### Work required
Copy out the entries that follow. Leave none out.

··· Available data

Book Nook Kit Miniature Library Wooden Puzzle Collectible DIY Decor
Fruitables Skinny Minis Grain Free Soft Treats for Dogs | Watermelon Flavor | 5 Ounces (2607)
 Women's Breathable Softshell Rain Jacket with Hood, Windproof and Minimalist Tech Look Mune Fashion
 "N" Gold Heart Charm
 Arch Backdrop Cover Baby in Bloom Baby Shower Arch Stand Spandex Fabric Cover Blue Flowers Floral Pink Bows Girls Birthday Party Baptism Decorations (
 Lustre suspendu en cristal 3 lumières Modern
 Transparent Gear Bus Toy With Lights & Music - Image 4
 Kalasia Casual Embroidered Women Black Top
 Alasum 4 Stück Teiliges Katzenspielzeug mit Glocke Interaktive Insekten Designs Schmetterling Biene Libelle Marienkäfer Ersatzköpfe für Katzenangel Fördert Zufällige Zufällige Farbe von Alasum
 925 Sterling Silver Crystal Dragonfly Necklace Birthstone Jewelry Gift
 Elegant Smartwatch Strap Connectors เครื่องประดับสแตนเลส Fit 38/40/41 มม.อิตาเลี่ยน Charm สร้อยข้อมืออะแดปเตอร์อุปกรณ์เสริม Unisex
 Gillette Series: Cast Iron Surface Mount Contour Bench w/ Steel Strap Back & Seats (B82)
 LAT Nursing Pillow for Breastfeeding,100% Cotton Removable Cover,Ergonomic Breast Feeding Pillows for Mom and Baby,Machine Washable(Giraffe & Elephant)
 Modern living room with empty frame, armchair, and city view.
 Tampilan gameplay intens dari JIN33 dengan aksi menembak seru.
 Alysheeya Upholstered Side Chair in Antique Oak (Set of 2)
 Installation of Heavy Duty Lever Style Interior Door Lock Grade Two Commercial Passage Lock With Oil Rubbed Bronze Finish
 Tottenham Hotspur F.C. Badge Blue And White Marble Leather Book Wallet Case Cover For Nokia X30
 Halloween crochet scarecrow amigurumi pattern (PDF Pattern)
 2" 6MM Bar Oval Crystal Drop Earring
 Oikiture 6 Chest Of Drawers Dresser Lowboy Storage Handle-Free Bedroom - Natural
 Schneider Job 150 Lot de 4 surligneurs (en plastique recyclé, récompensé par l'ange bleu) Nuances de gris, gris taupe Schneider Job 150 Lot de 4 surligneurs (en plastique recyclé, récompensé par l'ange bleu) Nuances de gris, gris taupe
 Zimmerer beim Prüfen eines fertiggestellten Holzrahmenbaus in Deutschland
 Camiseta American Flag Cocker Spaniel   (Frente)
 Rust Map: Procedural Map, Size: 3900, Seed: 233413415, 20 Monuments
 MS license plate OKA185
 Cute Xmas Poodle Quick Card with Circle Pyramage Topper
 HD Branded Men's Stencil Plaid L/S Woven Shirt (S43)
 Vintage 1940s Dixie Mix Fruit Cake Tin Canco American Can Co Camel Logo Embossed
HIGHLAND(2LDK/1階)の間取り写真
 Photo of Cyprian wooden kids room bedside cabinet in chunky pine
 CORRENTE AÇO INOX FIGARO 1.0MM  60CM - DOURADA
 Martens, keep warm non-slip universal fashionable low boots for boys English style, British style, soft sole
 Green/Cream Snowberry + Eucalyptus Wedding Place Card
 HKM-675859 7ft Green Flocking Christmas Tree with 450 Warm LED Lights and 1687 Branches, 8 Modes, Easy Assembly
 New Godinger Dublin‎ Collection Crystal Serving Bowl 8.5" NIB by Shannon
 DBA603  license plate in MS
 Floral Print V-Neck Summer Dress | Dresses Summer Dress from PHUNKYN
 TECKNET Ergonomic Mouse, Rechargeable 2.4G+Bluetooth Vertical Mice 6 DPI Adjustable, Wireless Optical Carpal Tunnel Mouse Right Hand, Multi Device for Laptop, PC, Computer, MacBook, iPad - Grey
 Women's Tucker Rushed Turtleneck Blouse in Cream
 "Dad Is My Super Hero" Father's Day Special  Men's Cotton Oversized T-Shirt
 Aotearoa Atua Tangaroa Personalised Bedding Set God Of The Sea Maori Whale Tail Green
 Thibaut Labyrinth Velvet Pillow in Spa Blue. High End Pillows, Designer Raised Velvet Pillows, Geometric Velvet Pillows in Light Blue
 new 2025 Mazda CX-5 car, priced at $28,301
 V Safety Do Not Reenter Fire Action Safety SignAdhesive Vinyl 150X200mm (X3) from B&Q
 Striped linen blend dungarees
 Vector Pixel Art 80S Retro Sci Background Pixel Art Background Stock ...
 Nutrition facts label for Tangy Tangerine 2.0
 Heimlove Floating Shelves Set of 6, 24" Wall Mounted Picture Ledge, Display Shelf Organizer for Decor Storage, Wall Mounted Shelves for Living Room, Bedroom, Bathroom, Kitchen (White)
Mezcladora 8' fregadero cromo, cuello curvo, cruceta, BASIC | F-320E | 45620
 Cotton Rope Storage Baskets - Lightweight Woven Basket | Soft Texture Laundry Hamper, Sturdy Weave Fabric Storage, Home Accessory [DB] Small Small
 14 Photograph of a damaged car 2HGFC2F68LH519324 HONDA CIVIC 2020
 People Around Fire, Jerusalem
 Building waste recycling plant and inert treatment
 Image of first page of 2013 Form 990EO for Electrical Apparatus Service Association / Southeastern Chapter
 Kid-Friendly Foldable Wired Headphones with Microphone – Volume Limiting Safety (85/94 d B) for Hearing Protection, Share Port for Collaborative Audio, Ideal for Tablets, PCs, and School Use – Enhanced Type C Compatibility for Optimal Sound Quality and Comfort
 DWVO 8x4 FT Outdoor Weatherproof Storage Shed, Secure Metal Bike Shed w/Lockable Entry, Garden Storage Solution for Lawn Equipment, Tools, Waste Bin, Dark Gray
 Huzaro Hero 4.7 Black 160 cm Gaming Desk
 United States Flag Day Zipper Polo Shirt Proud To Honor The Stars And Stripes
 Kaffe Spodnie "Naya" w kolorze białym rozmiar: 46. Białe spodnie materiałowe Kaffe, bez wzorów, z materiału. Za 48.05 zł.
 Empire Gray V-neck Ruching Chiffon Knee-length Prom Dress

······

### Task answer
Book Nook Kit Miniature Library Wooden Puzzle Collectible DIY Decor
Fruitables Skinny Minis Grain Free Soft Treats for Dogs | Watermelon Flavor | 5 Ounces (2607)
 Women's Breathable Softshell Rain Jacket with Hood, Windproof and Minimalist Tech Look Mune Fashion
 "N" Gold Heart Charm
 Arch Backdrop Cover Baby in Bloom Baby Shower Arch Stand Spandex Fabric Cover Blue Flowers Floral Pink Bows Girls Birthday Party Baptism Decorations (
 Lustre suspendu en cristal 3 lumières Modern
 Transparent Gear Bus Toy With Lights & Music - Image 4
 Kalasia Casual Embroidered Women Black Top
 Alasum 4 Stück Teiliges Katzenspielzeug mit Glocke Interaktive Insekten Designs Schmetterling Biene Libelle Marienkäfer Ersatzköpfe für Katzenangel Fördert Zufällige Zufällige Farbe von Alasum
 925 Sterling Silver Crystal Dragonfly Necklace Birthstone Jewelry Gift
 Elegant Smartwatch Strap Connectors เครื่องประดับสแตนเลส Fit 38/40/41 มม.อิตาเลี่ยน Charm สร้อยข้อมืออะแดปเตอร์อุปกรณ์เสริม Unisex
 Gillette Series: Cast Iron Surface Mount Contour Bench w/ Steel Strap Back & Seats (B82)
 LAT Nursing Pillow for Breastfeeding,100% Cotton Removable Cover,Ergonomic Breast Feeding Pillows for Mom and Baby,Machine Washable(Giraffe & Elephant)
 Modern living room with empty frame, armchair, and city view.
 Tampilan gameplay intens dari JIN33 dengan aksi menembak seru.
 Alysheeya Upholstered Side Chair in Antique Oak (Set of 2)
 Installation of Heavy Duty Lever Style Interior Door Lock Grade Two Commercial Passage Lock With Oil Rubbed Bronze Finish
 Tottenham Hotspur F.C. Badge Blue And White Marble Leather Book Wallet Case Cover For Nokia X30
 Halloween crochet scarecrow amigurumi pattern (PDF Pattern)
 2" 6MM Bar Oval Crystal Drop Earring
 Oikiture 6 Chest Of Drawers Dresser Lowboy Storage Handle-Free Bedroom - Natural
 Schneider Job 150 Lot de 4 surligneurs (en plastique recyclé, récompensé par l'ange bleu) Nuances de gris, gris taupe Schneider Job 150 Lot de 4 surligneurs (en plastique recyclé, récompensé par l'ange bleu) Nuances de gris, gris taupe
 Zimmerer beim Prüfen eines fertiggestellten Holzrahmenbaus in Deutschland
 Camiseta American Flag Cocker Spaniel   (Frente)
 Rust Map: Procedural Map, Size: 3900, Seed: 233413415, 20 Monuments
 MS license plate OKA185
 Cute Xmas Poodle Quick Card with Circle Pyramage Topper
 HD Branded Men's Stencil Plaid L/S Woven Shirt (S43)
 Vintage 1940s Dixie Mix Fruit Cake Tin Canco American Can Co Camel Logo Embossed
HIGHLAND(2LDK/1階)の間取り写真
 Photo of Cyprian wooden kids room bedside cabinet in chunky pine
 CORRENTE AÇO INOX FIGARO 1.0MM  60CM - DOURADA
 Martens, keep warm non-slip universal fashionable low boots for boys English style, British style, soft sole
 Green/Cream Snowberry + Eucalyptus Wedding Place Card
 HKM-675859 7ft Green Flocking Christmas Tree with 450 Warm LED Lights and 1687 Branches, 8 Modes, Easy Assembly
 New Godinger Dublin‎ Collection Crystal Serving Bowl 8.5" NIB by Shannon
 DBA603  license plate in MS
 Floral Print V-Neck Summer Dress | Dresses Summer Dress from PHUNKYN
 TECKNET Ergonomic Mouse, Rechargeable 2.4G+Bluetooth Vertical Mice 6 DPI Adjustable, Wireless Optical Carpal Tunnel Mouse Right Hand, Multi Device for Laptop, PC, Computer, MacBook, iPad - Grey
 Women's Tucker Rushed Turtleneck Blouse in Cream
 "Dad Is My Super Hero" Father's Day Special  Men's Cotton Oversized T-Shirt
 Aotearoa Atua Tangaroa Personalised Bedding Set God Of The Sea Maori Whale Tail Green
 Thibaut Labyrinth Velvet Pillow in Spa Blue. High End Pillows, Designer Raised Velvet Pillows, Geometric Velvet Pillows in Light Blue
 new 2025 Mazda CX-5 car, priced at $28,301
 V Safety Do Not Reenter Fire Action Safety SignAdhesive Vinyl 150X200mm (X3) from B&Q
 Striped linen blend dungarees
 Vector Pixel Art 80S Retro Sci Background Pixel Art Background Stock ...
 Nutrition facts label for Tangy Tangerine 2.0
 Heimlove Floating Shelves Set of 6, 24" Wall Mounted Picture Ledge, Display Shelf Organizer for Decor Storage, Wall Mounted Shelves for Living Room, Bedroom, Bathroom, Kitchen (White)
Mezcladora 8' fregadero cromo, cuello curvo, cruceta, BASIC | F-320E | 45620
 Cotton Rope Storage Baskets - Lightweight Woven Basket | Soft Texture Laundry Hamper, Sturdy Weave Fabric Storage, Home Accessory [DB] Small Small
 14 Photograph of a damaged car 2HGFC2F68LH519324 HONDA CIVIC 2020
 People Around Fire, Jerusalem
 Building waste recycling plant and inert treatment
 Image of first page of 2013 Form 990EO for Electrical Apparatus Service Association / Southeastern Chapter
 Kid-Friendly Foldable Wired Headphones with Microphone – Volume Limiting Safety (85/94 d B) for Hearing Protection, Share Port for Collaborative Audio, Ideal for Tablets, PCs, and School Use – Enhanced Type C Compatibility for Optimal Sound Quality and Comfort
 DWVO 8x4 FT Outdoor Weatherproof Storage Shed, Secure Metal Bike Shed w/Lockable Entry, Garden Storage Solution for Lawn Equipment, Tools, Waste Bin, Dark Gray
 Huzaro Hero 4.7 Black 160 cm Gaming Desk
 United States Flag Day Zipper Polo Shirt Proud To Honor The Stars And Stripes
 Kaffe Spodnie "Naya" w kolorze białym rozmiar: 46. Białe spodnie materiałowe Kaffe, bez wzorów, z materiału. Za 48.05 zł.
 Empire Gray V-neck Ruching Chiffon Knee-length Prom Dress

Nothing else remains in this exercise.